第3四半期累計(4月~12月)は前年同期比6.5%増収、同11.1%営業減益、同15.1%経常減益、同50.4%最終減益だった。ストック型ビジネスの戦略的拡大に向けた人件費の増加、法人税等調整額計上の一巡、本社移転に伴う原状回復費用の特別損失計上などで減益だったが、売上面ではクラウドサービスなどのストック型ビジネスが順調に拡大した。
なお四半期別推移を見ると、売上高は第1四半期(4月~6月)39億49百万円、第2四半期(7月~9月)46億55百万円、第3四半期(10月~12月)43億75百万円、営業利益は第1四半期63百万円、第2四半期2億87百万円、第3四半期1億92百万円だった。

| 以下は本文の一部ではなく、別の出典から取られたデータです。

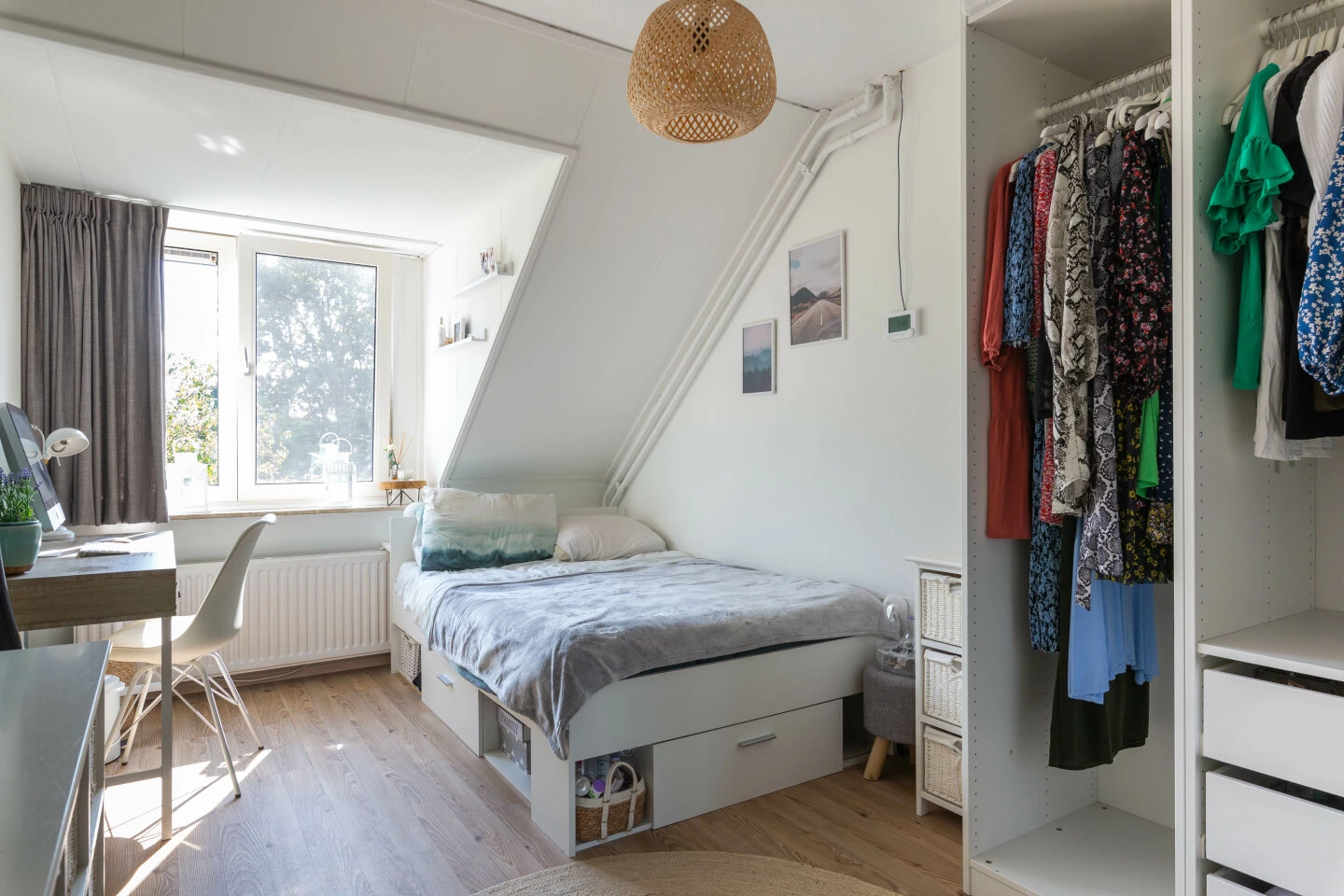 Woonhuis te koop Gondel 31 52 Lelystad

通期見通しに対する第3四半期累計の進捗率は売上高が70.9%、営業利益が46.7%、経常利益が45.4%、純利益が37.9%と低水準だが、第4四半期(1月~3月)の構成比が高い収益構造のため挽回が期待される。
また来期(16年3月期)は大型案件の寄与に加えて、ストック型ビジネスの戦略的拡大に向けた先行投資費用の一巡などで好業績が期待される。
株価の動きを見ると、マイナンバー制度やセキュリティ関連を材料視した3月23日の年初来高値738円から利益確定売りで一旦反落したが、27日の660円から切り返しの動きを強めている。自律調整が一巡した形だろう。

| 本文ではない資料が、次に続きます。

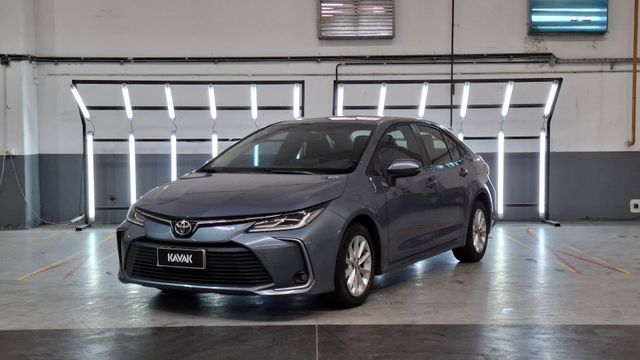 Toyota Corolla 2.0 XEI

4月7日の終値683円を指標面で見ると、前期推定連結PER(会社予想の連結EPS51円24銭で算出)は13~14倍近辺、前期推定配当利回り(会社予想の年間15円で算出)は2.2%近辺、前々期実績PBR(前々期実績の連結BPS513円07銭で算出)は1.3倍近辺である。
日足チャートで見ると25日移動平均線近辺から切り返した。また週足チャートで見ると13週移動平均線が26週移動平均線を上抜いてゴールデンクロスの形だ。強基調を確認した形であり、中期成長力を評価して14年8月の戻り高値781円を目指す展開だろう。